Lo scrittore Sarasso racconta il “Game of Thrones” della mafia americana

Cento anni di criminalità americana in nove volumi. Il primo appena uscito, gli altri otto in lavorazione. Oltre 600 pagine che hanno l’odore e il sapore di un mito di fondazione bagnato nel sangue; dove si sente ad ogni riga la presa della narrazione statunitense più funambolica e il ritmo forsennato e implacabile della serialità sontuosa dell’Hbo e delle epopee di Coppola, Leone e Scorsese. Non è un caso, infatti, che sia stato ribattezzato come “Il Game of Thrones della Mafia americana”. In “Da dove provengo io” di Simone Sarasso si riafferma con forza il concetto espresso in “Gangs of New York”: l’America è nata sulle strade. Ma se nel film con Leonardo di Caprio e Daniel Day Lewis c’era al centro l’arrivo in massa di irlandesi, qui invece gli avvenimenti si spostano di una cinquantina d’anni dopo, ai primi del Novecento, per raccontare l’ascesa di quattro giovanissimi immigrati che non cercano l’opportunità di un posto al sole, ma lo vogliono proprio prendere. Per farsi re. Si chiamano Mayer Lansky, Charlie “Lucky” Luciano, Bugsy Siegel e Frank Costello. Le strade putride del Lower East Side sono troppo strette per loro e non hanno nessuna intenzione di sopravvivere in un quartiere che ha l’aspetto di un girone infernale; vogliono scalare la vetta sino a Park Avenue e ancora più su. L’ossessione di riscatto e di rivalsa diventa così la molla che li spinge oltre i limiti. Perché la storia si costruisce a peso. Un peso fatto di carne, con i corpi straziati e buttati al vento. Le radici dell’America sono scomode, la land of plenty, la terra dell’abbondanza porta, infatti, solo frutti amari anche se stemperati dal suono del jazz e dai baci caldi di una donna. Ci vorranno anni, altri morti, altro sangue, prima che possano, forse, avere il sapore dello zucchero.
Sarasso si immerge in una materia magmatica guardando in faccia il Male, ed è lui stesso a spiegare, durante l’incontro avvenuto  a Sassari a “L’ultimo spettacolo”, in occasione del primo appuntamento del festival “Florinas in Giallo”, come raccontare il Male sia sempre stato endemico nella letteratura come nel cinema.

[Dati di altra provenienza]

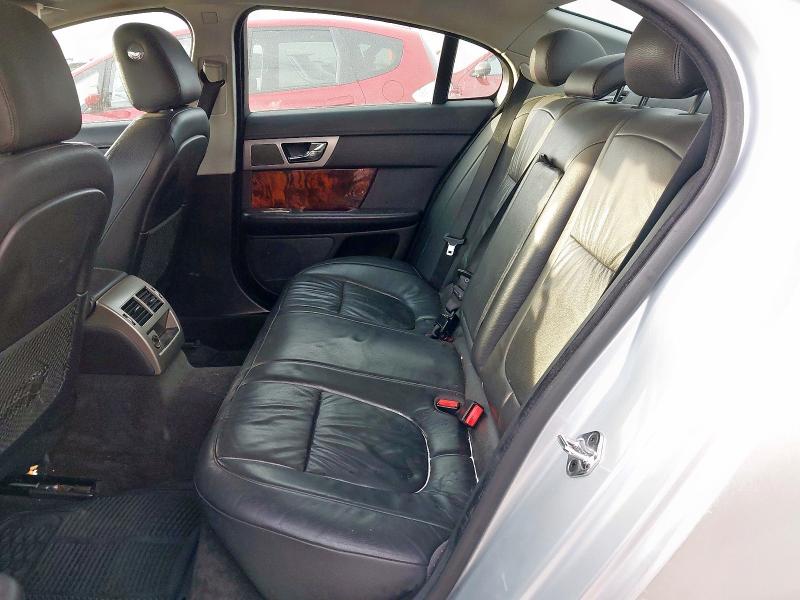 2010 JAGUAR XF 3.0 V6 LUXURY 4DR AUTO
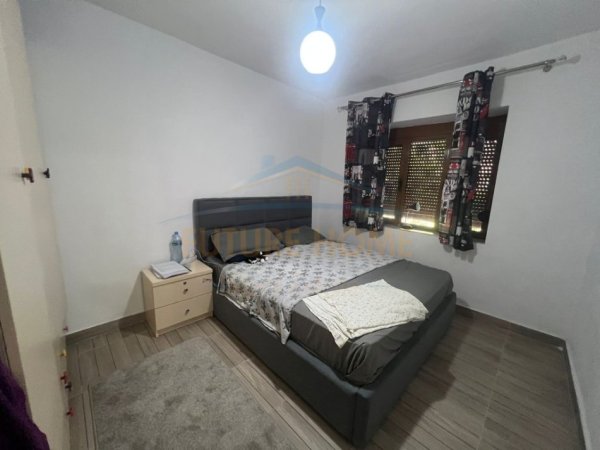 0683487469 Tirane, shitet apartament 1+1 Kati 2, 74 m² 85.000 € (Laprake , Prane Kupoles)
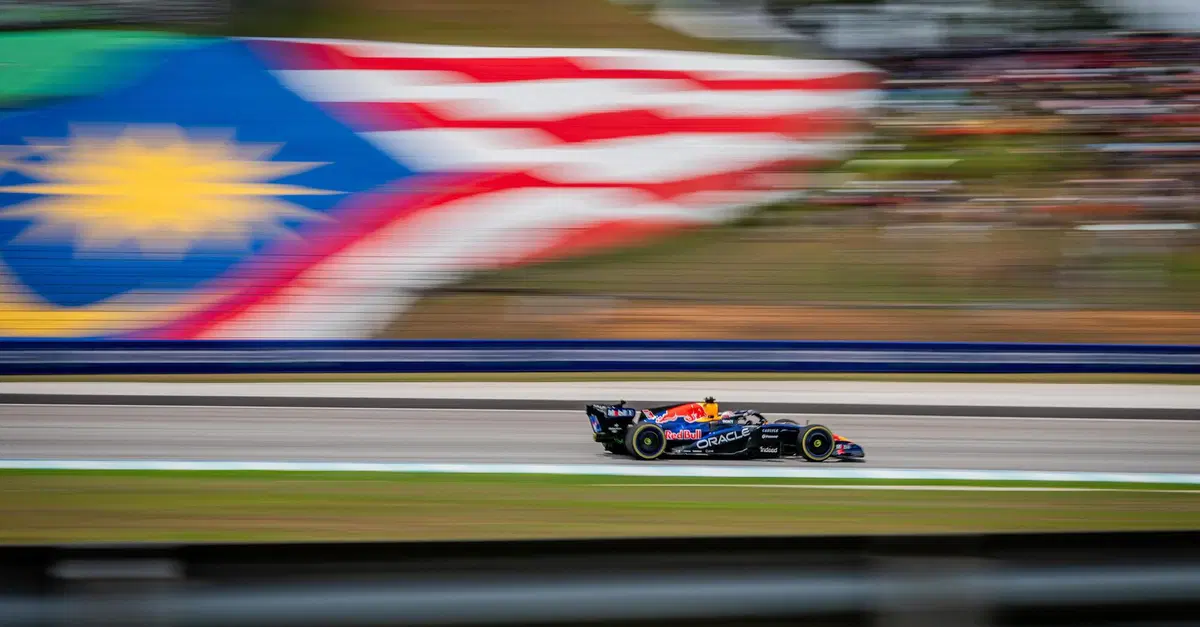 Verstappen contro Hamilton, ma Antonelli e Leclerc sognano il colpaccio: a Sepang è inferno per il GP del Bahrain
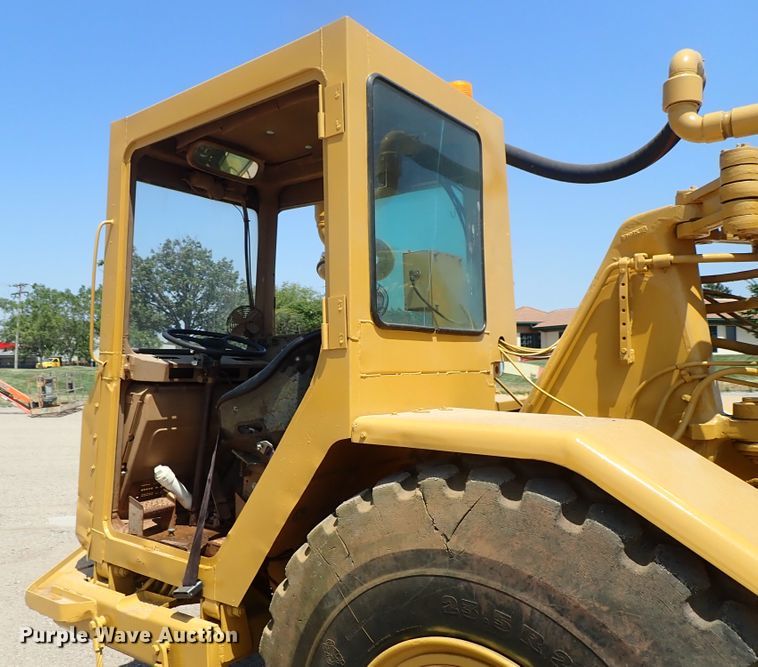 image for item DC1402 1979 Caterpillar 613B water wagon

“Dal mito greco passando per Shakespeare sino a Star Wars i personaggi negativi sono sempre quelli più interessanti – spiega – perché hanno indubbiamente una psicologia più complessa. Narrare tutto ciò ha oltretutto uno scopo ben preciso che è quello della catarsi”. La strada maestra è quella tracciata da James Elloroy, l’autore di romanzi fluviali e dirompenti come “American tabloid” e “L. A. confidential” in cui elementi reali si collegano ad altri di pura invenzione, legati in maniera tale da non rendere praticamente possibile capire ciò che è avvenuto realmente e ciò che è frutto dell’immaginario dello scrittore. “C’è un 99 per cento di cose vere e un 1 per cento di invenzione – racconta Sarasso – ma non dirò mai quale sia nemmeno sotto tortura”.

Dietro c’è un lavoro di preparazione di precisione certosina: “Ci ho messo un anno e mezzo solo per scrivere cosa raccontare e ho studiato tantissimo, anche se a dire la verità è stato piuttosto difficile reperire il materiale perché non c’è così tanto e spesso è anche datato. Su Luciano esiste, ad esempio una biografia della fine degli anni Sessanta, il resto l’ho recuperato leggendo anche i giornali dell’epoca che mi sono stati molto utili per raccontare lo sfondo, la quotidianità. In genere – continua l’autore – faccio una scaletta e prendo appunti in maniera metodica, poi per ogni scena compilo una scheda con dentro anche i riferimenti ai testi che ho visionato. Così lo scrivere in sé è il meno. Un po’ come un regista che fa un film. Per capirci, “Da dove provengo io” ha una scaletta di 1 milione di battute”.
Come ogni saga che si rispetti, il secondo volume è già stato consegnato all’editore (Marsilio) e il terzo è già in lavorazione: dai quattro scagnozzi che diventarono sovrani di New York si passerà alle Cinque Famiglie e John Gotti per poi toccare le nuove mafie arrivate dopo il crollo del Muro di Berlino e la loro trasformazione all’indomani dell’11 settembre 2001. Una “birth of the nation” del malaffare in cui l’America costruisce se stessa riflettendosi in una ideale innocenza che non ha mai posseduto.